WORK REQUIRED:
Below are some records; quote exactly the lines from the one that contains "Arothron caeruleopunctatus" through the one that contains "Bir Boerboel yavrusu", inclusive, and no others.

Content starts

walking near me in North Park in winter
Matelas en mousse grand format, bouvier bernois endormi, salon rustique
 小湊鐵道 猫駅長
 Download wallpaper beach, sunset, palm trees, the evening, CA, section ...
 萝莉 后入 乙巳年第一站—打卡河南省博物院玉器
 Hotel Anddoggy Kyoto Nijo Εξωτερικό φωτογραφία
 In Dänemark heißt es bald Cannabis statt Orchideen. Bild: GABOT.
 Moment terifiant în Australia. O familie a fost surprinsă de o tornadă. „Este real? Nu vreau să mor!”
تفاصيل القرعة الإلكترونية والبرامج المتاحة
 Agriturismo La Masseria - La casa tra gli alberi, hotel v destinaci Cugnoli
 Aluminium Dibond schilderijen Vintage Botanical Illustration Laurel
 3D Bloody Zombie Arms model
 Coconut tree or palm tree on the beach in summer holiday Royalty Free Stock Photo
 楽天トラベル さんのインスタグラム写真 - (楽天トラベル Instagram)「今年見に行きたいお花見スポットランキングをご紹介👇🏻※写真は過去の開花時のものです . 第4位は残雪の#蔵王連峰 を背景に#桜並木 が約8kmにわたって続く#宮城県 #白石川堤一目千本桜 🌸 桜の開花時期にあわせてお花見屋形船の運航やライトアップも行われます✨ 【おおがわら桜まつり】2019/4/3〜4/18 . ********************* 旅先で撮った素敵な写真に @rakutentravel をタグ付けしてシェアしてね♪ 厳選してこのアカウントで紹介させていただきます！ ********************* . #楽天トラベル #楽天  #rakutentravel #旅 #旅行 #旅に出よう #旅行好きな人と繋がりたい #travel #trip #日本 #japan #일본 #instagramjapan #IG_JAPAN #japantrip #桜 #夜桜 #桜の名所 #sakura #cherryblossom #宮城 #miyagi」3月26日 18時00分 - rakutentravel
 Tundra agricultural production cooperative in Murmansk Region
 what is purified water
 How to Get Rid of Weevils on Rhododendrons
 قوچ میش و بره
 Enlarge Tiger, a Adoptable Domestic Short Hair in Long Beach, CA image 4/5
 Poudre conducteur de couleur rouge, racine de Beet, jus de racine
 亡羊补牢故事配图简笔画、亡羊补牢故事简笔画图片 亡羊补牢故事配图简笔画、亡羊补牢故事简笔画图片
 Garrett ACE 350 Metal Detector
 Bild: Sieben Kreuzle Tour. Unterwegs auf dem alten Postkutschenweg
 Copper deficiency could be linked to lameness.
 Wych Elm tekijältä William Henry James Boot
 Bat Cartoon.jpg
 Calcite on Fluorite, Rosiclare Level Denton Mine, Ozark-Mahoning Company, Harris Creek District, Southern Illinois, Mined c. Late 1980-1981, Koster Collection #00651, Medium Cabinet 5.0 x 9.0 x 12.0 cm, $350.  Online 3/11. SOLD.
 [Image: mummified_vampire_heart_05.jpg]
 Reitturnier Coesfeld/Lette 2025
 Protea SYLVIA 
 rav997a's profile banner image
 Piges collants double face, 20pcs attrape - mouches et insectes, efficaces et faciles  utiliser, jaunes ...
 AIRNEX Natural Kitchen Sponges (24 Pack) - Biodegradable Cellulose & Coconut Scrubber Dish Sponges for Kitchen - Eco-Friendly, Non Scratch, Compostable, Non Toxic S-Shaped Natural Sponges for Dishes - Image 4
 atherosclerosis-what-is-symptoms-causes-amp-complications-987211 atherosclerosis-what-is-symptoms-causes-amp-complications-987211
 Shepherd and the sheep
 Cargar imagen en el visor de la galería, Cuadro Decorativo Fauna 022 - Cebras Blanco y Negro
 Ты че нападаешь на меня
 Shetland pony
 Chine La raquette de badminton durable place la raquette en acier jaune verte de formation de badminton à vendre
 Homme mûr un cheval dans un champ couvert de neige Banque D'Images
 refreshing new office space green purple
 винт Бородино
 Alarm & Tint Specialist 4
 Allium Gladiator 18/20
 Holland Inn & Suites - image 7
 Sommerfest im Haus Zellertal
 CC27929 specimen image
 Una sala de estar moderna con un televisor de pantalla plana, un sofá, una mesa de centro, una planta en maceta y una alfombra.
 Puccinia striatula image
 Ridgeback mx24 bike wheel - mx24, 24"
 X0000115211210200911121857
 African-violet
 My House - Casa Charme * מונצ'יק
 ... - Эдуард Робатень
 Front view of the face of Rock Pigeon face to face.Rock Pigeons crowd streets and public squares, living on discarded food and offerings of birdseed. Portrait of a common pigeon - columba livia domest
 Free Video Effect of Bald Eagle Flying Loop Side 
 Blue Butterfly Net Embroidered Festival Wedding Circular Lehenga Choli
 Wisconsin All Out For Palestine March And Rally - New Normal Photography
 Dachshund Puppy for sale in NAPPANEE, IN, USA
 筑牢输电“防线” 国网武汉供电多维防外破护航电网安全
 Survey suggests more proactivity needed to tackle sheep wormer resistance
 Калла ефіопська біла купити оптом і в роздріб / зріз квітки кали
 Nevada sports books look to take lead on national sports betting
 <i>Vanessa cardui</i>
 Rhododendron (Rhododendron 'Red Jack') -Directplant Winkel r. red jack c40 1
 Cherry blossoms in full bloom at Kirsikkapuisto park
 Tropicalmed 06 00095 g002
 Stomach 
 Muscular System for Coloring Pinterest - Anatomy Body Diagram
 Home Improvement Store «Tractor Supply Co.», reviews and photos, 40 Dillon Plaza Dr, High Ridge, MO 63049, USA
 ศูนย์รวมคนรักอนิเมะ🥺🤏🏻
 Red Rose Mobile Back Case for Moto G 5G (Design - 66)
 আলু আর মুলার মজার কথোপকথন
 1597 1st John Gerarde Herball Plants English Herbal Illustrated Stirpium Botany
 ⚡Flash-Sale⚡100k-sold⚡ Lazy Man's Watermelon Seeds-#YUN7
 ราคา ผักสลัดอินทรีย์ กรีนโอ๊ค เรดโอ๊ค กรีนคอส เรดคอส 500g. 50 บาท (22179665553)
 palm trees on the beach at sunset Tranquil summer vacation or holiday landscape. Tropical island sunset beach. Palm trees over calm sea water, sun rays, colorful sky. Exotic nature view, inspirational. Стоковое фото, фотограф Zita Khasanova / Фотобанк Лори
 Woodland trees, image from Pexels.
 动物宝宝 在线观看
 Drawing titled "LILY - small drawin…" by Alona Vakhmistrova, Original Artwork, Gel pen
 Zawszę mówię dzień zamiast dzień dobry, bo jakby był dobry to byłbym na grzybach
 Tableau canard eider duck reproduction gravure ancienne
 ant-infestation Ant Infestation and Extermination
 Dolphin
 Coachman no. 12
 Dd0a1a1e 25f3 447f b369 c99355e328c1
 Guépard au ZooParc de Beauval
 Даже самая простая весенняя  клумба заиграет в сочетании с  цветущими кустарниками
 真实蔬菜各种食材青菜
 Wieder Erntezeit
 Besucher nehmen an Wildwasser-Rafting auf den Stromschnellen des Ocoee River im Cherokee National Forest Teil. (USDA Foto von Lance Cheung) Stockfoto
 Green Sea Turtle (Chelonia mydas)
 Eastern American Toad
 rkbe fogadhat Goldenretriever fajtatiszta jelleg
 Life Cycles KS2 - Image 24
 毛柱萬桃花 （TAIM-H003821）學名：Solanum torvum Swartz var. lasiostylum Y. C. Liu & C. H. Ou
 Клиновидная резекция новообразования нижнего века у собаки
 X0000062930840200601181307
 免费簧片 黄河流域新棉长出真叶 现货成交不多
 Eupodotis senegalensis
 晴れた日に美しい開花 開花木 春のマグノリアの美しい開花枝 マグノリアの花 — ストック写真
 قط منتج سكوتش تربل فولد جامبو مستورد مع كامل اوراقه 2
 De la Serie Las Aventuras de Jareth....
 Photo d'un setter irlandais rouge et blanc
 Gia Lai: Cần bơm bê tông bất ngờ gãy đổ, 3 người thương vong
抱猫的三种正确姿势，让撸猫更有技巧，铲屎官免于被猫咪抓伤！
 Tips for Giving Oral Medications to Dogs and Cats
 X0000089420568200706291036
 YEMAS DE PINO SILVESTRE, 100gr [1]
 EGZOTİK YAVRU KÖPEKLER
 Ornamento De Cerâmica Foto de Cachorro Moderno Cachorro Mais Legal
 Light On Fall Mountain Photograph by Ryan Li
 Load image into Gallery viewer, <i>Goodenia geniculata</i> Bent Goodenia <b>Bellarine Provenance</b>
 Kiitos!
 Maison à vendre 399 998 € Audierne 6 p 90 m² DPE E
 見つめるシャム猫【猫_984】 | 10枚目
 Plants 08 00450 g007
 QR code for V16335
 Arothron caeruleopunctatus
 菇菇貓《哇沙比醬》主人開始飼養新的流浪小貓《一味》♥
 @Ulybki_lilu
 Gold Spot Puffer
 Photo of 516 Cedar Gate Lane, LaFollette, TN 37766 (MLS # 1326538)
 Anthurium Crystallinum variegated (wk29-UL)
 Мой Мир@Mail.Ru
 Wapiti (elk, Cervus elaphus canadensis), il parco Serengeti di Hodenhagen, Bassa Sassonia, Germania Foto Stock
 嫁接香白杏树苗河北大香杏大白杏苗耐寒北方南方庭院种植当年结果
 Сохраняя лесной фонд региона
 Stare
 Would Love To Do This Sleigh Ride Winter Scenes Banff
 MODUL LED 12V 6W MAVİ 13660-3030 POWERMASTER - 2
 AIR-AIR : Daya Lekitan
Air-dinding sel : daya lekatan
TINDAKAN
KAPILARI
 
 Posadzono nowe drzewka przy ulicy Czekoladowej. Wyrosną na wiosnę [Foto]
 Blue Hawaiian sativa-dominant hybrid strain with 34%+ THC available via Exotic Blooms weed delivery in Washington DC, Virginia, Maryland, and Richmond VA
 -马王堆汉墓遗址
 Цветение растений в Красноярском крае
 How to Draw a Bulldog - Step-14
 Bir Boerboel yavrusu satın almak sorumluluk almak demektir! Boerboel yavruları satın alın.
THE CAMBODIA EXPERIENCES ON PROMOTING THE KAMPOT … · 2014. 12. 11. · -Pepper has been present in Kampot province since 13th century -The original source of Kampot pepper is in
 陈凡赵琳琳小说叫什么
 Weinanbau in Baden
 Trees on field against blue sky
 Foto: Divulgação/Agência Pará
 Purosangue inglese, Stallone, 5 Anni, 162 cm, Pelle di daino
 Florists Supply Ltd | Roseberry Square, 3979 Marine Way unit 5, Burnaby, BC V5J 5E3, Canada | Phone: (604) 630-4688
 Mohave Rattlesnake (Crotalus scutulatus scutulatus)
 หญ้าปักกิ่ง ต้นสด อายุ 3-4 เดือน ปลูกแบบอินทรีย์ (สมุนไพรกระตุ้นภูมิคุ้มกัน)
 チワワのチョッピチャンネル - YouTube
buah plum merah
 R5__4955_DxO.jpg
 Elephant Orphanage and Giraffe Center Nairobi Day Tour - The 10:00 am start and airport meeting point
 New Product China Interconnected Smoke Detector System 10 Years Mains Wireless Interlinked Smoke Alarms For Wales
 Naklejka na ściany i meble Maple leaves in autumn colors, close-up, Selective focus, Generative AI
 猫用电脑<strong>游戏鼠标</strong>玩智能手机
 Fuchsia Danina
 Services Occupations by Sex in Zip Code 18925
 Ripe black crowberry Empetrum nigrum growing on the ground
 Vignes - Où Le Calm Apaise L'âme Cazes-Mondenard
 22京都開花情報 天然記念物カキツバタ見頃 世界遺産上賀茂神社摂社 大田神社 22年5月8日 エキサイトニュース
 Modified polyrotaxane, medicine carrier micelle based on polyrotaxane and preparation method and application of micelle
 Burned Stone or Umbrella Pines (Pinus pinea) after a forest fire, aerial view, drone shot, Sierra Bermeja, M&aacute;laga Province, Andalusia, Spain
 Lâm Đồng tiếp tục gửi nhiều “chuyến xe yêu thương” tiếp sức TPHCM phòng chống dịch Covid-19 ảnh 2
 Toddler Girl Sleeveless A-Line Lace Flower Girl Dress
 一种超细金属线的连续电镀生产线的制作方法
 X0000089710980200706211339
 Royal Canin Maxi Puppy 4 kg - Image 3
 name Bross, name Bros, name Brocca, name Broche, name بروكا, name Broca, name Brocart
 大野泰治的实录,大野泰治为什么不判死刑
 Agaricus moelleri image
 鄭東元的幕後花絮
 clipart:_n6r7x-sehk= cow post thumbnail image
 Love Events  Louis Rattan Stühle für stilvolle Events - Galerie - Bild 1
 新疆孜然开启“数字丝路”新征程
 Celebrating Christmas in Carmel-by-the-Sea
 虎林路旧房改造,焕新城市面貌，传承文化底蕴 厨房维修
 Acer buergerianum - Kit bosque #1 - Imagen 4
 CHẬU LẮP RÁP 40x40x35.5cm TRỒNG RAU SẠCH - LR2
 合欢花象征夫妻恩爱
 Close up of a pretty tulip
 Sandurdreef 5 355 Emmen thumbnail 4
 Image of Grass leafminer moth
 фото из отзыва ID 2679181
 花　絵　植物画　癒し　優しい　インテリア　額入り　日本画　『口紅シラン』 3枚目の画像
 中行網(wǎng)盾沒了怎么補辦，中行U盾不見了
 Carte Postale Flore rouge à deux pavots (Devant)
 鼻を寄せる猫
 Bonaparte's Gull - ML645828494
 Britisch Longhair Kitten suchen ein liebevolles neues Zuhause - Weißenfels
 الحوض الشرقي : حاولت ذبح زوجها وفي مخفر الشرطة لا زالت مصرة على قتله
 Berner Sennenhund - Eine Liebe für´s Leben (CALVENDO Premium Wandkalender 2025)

Content ends

COMPLETED EXERCISE:
 Arothron caeruleopunctatus
 菇菇貓《哇沙比醬》主人開始飼養新的流浪小貓《一味》♥
 @Ulybki_lilu
 Gold Spot Puffer
 Photo of 516 Cedar Gate Lane, LaFollette, TN 37766 (MLS # 1326538)
 Anthurium Crystallinum variegated (wk29-UL)
 Мой Мир@Mail.Ru
 Wapiti (elk, Cervus elaphus canadensis), il parco Serengeti di Hodenhagen, Bassa Sassonia, Germania Foto Stock
 嫁接香白杏树苗河北大香杏大白杏苗耐寒北方南方庭院种植当年结果
 Сохраняя лесной фонд региона
 Stare
 Would Love To Do This Sleigh Ride Winter Scenes Banff
 MODUL LED 12V 6W MAVİ 13660-3030 POWERMASTER - 2
 AIR-AIR : Daya Lekitan
Air-dinding sel : daya lekatan
TINDAKAN
KAPILARI
 
 Posadzono nowe drzewka przy ulicy Czekoladowej. Wyrosną na wiosnę [Foto]
 Blue Hawaiian sativa-dominant hybrid strain with 34%+ THC available via Exotic Blooms weed delivery in Washington DC, Virginia, Maryland, and Richmond VA
 -马王堆汉墓遗址
 Цветение растений в Красноярском крае
 How to Draw a Bulldog - Step-14
 Bir Boerboel yavrusu satın almak sorumluluk almak demektir! Boerboel yavruları satın alın.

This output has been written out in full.